Users often don't arrive at or leave work on time

May 30, 2007 04:30 AM
Helen Henderson

People with disabilities may be turned down for jobs because a broken-down, wheelchair-accessible transit system cannot get them to work on time.

That's one of the many complaints Toronto Star readers passed on following a Saturday column on the breakdown in Wheel-Trans service.

"People with disabilities relying on accessible transportation to get to and from work cannot assure that they will always be on time," says Stephen Largy, manager of a group that helps find jobs in Peel, Halton and Dufferin.

Largy's program, offered through the Coalition for Persons with Disabilities - - helps people who are eager to work but already face an uphill battle because they move or process information differently from the majority.
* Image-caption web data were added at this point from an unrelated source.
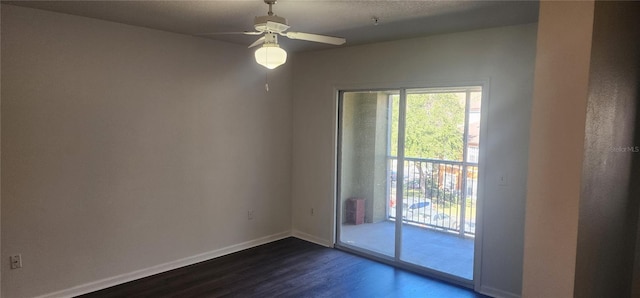 spare room featuring dark hardwood / wood-style floors and ceiling fan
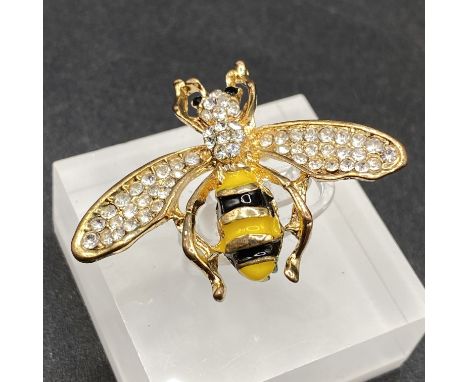 A pretty gem set and enamel bee brooch with gem set eyes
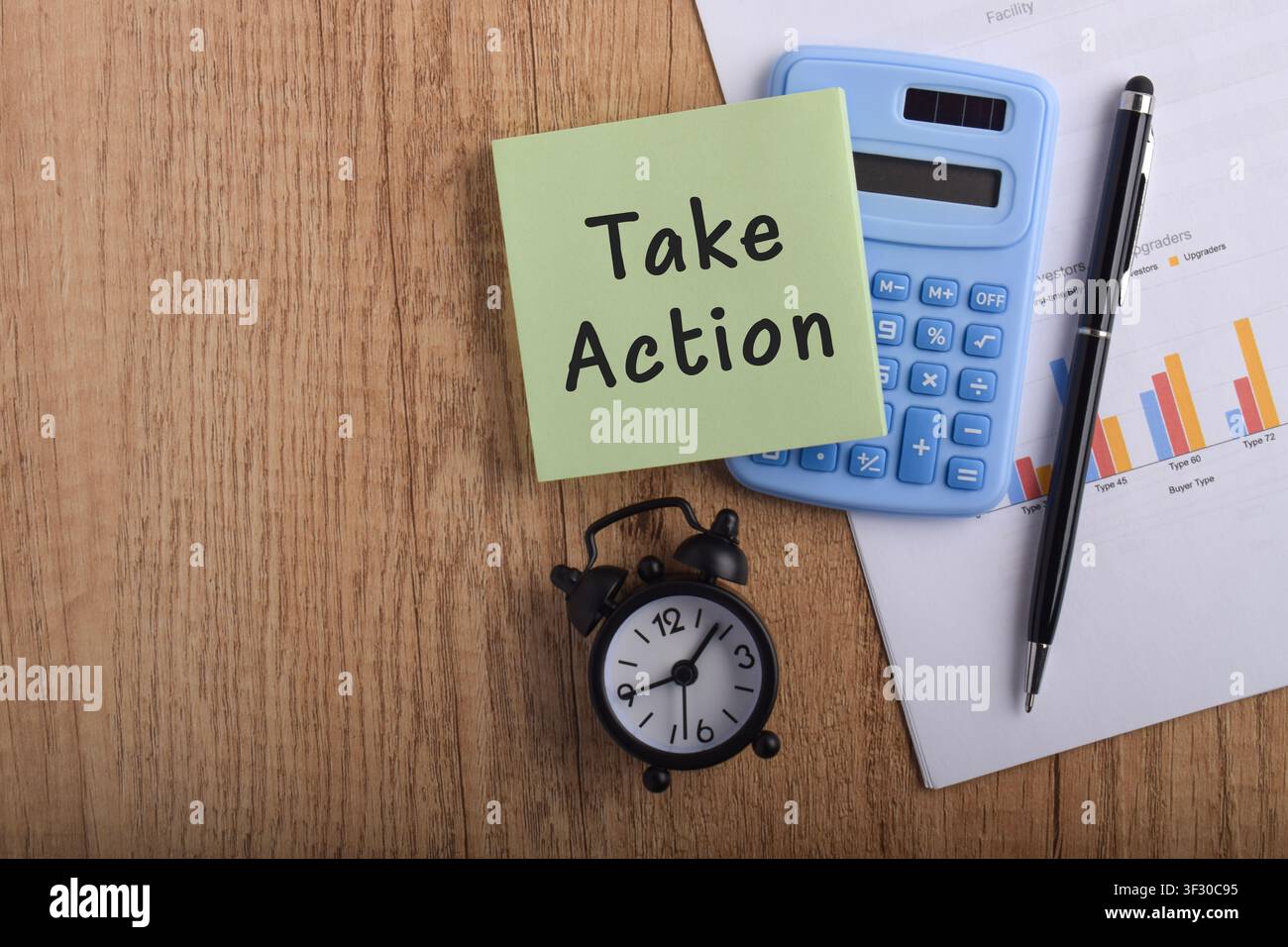 Take action concept with sticky note, calculator, alarm clock, and financial report on desk, symbolizing productivity, decision making, business plann Stock Photo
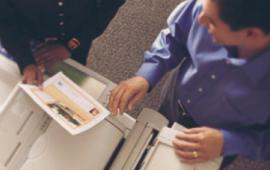 Two individuals making copies inside the UPS Store.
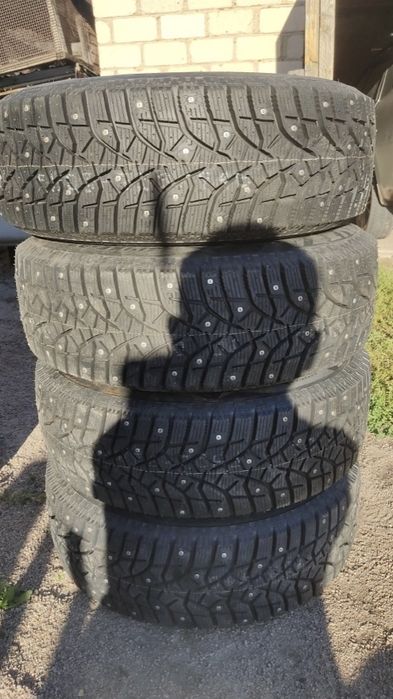 Шины Bridgestone зимние шипы R14 185/65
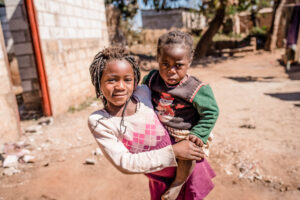Two little girls on a Zambian alley.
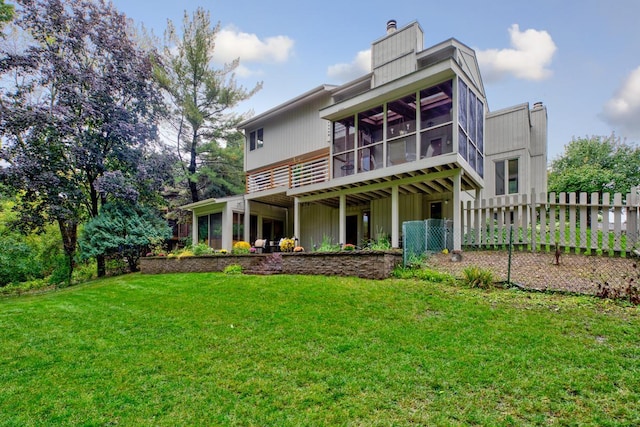 back of property featuring a sunroom and a chimney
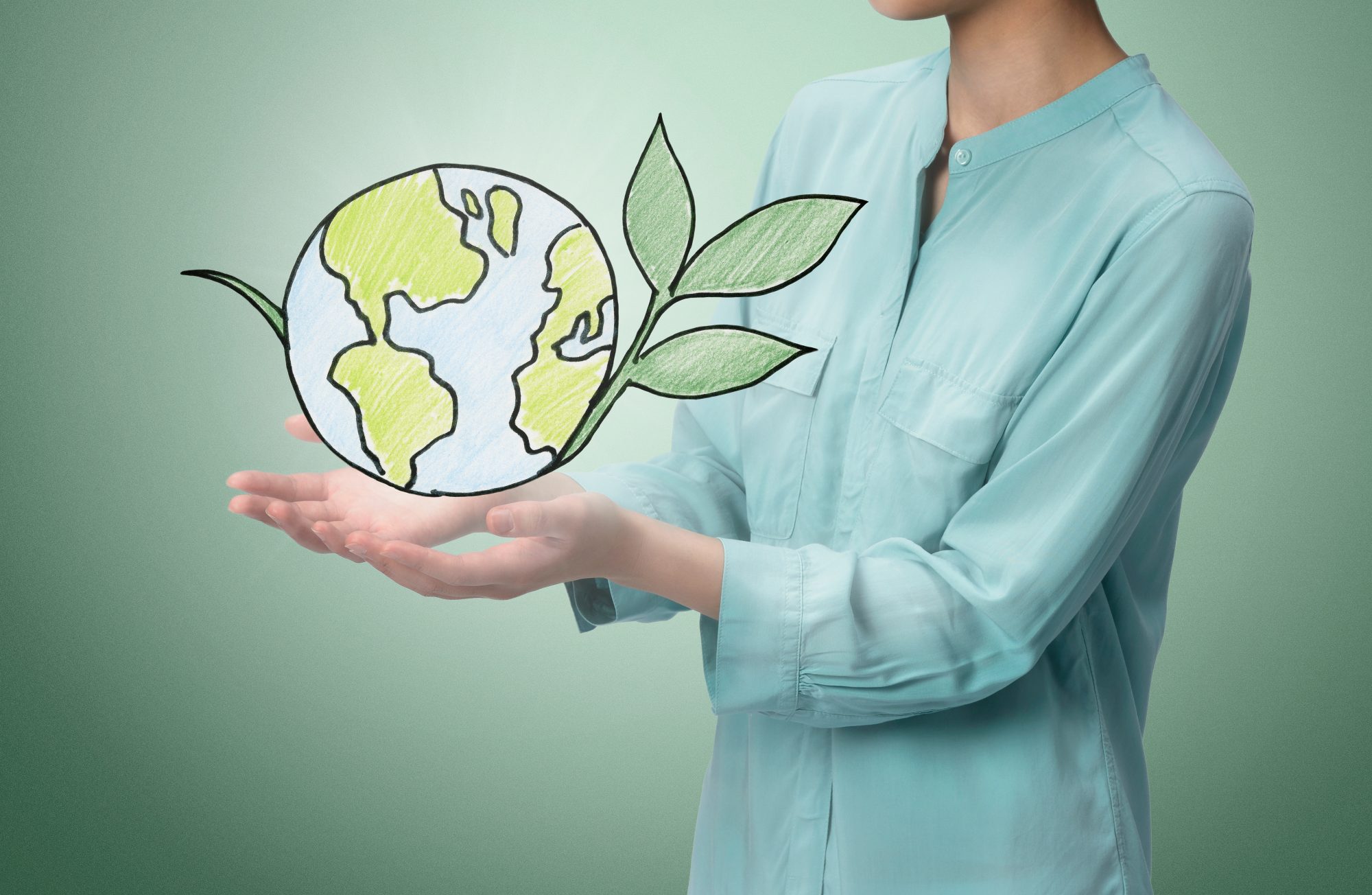 Woman holding illustration of the world to represent impact investing.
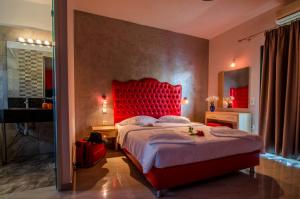 une chambre avec un grand lit avec une tête de lit rouge dans l'établissement Irinis Garden, à Parga 63 autres photos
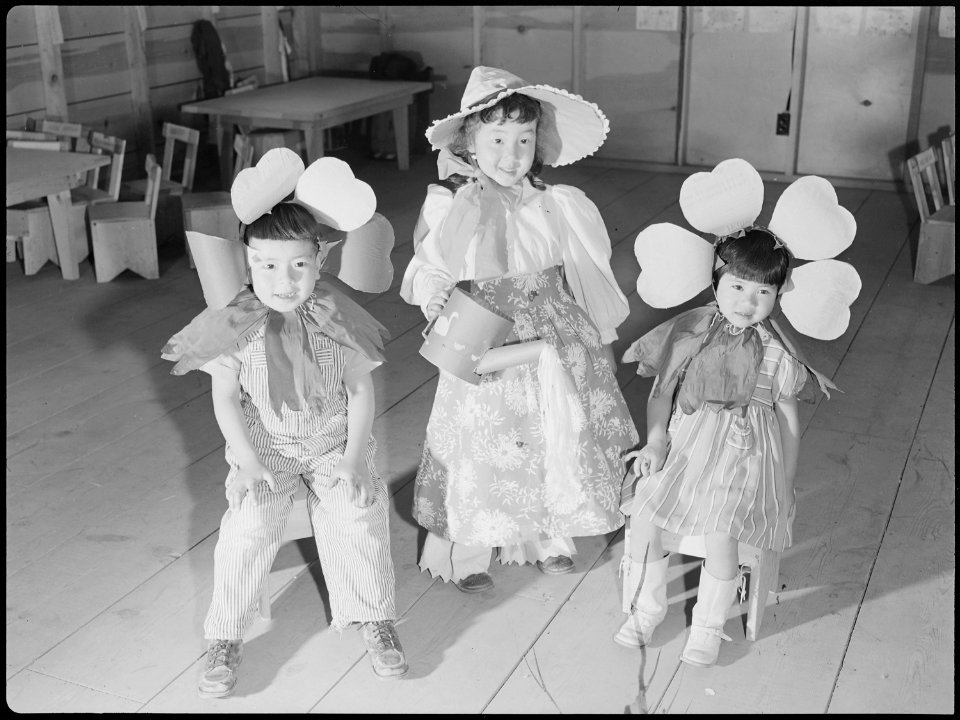 Tule Lake Relocation Center, Newell, California. Nursery school children pause for refreshments of . . . - NARA - 538344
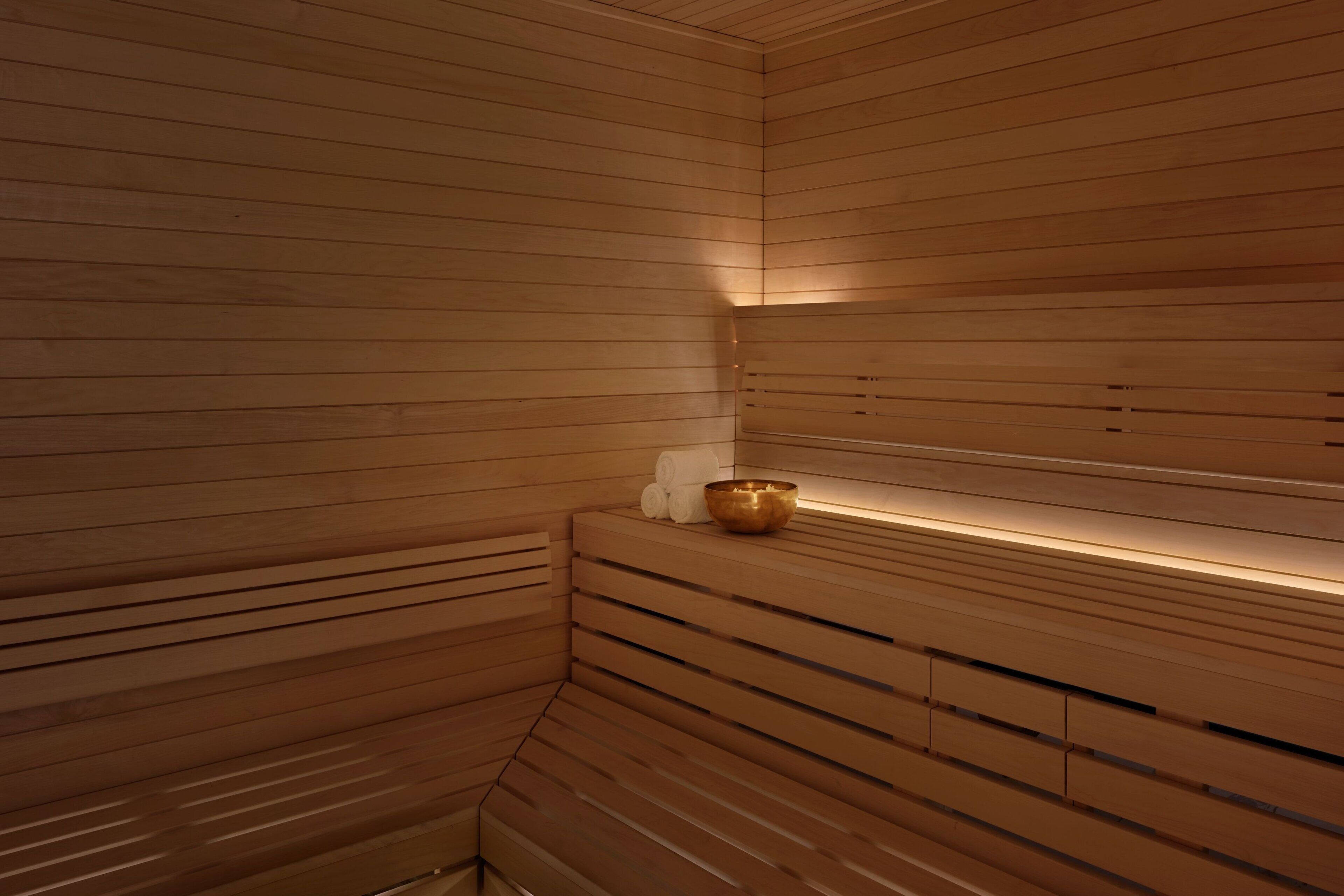 A wooden sauna with benches and a shelf holding towels and a bowl.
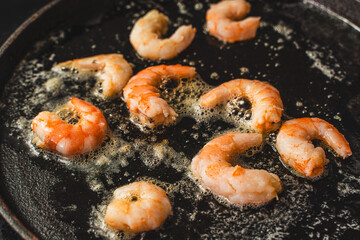 Close-up of large shrimp fried in boiling oil in a cast iron skillet. Delicious Mediterranean food....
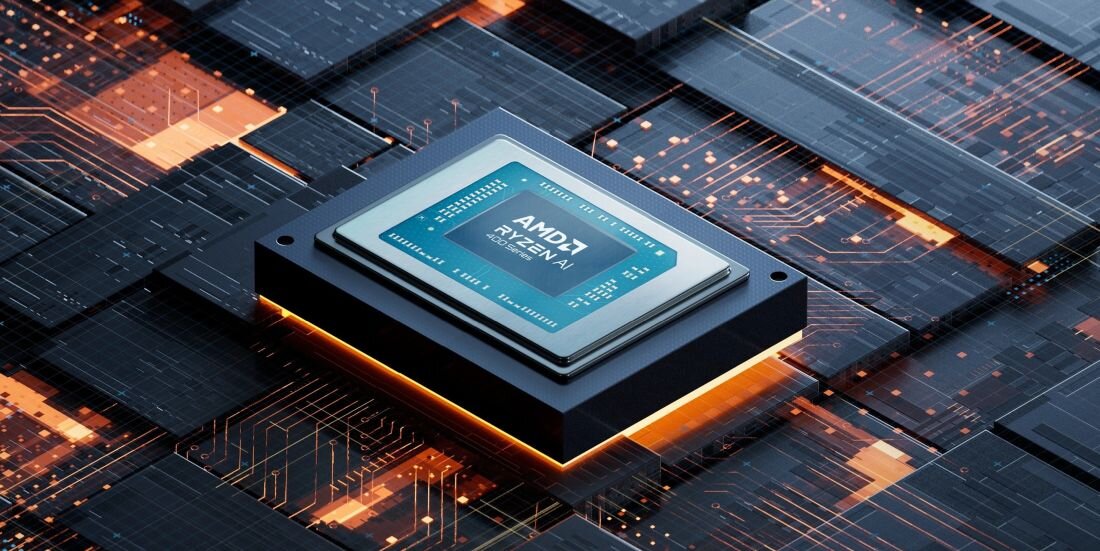 Obraz przedstawia procesor z widocznym napisem \'AMD Ryzen\' umieszczony na tle schematycznej siatki obwodów elektronicznych. Procesor jest podświetlony pomarańczowym światłem.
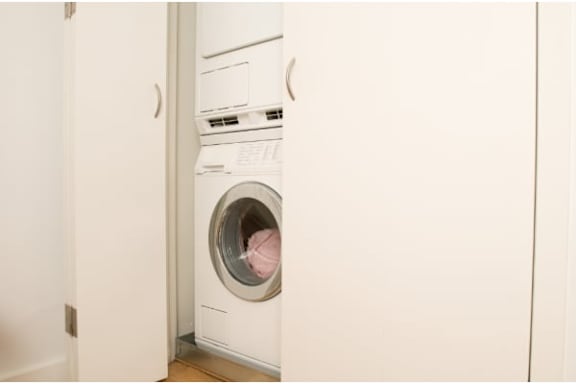 A white washing machine is in a small room.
As many as 80 per cent of people with disabilities are underemployed or unemployed, according to statistics gathered by the Canadian Association of Independent Living Centres.

Employers hiring anyone who relies on Wheel-Trans in Toronto and TransHelp in Peel must accept start times that vary "because of the frequent unreliability of the accessible transportation network," says Largy, of Mississauga Practice Firm 4 Persons with Disabilities.

In addition, he says, people with disabilities "can be relatively sure that they will not be able to get to work on days when weather provides even the smallest delay factor."

It is also common for them to finish work and "wait anywhere from 30 to 90 minutes because their scheduled ride is running late," Largy says.

While transit users say most drivers try their best to accommodate riders, complaints of busy signals, impossible waits and unavailable rides are rife.

In a recent client satisfaction survey, TransHelp says 15 per cent of clients stated they had lodged a complaint in the previous six months. But overall satisfaction with the most recent ride rated 8.6 out of 10, TransHelp adds.

Bob Thacker, the TTC's general superintendent in charge of Wheel-Trans, says the group is working on a new computerized system and plans to hire more staff in the interim. But "change takes time." Ultimately, the best solution is to make all public transit wheelchair-accessible, Largy says.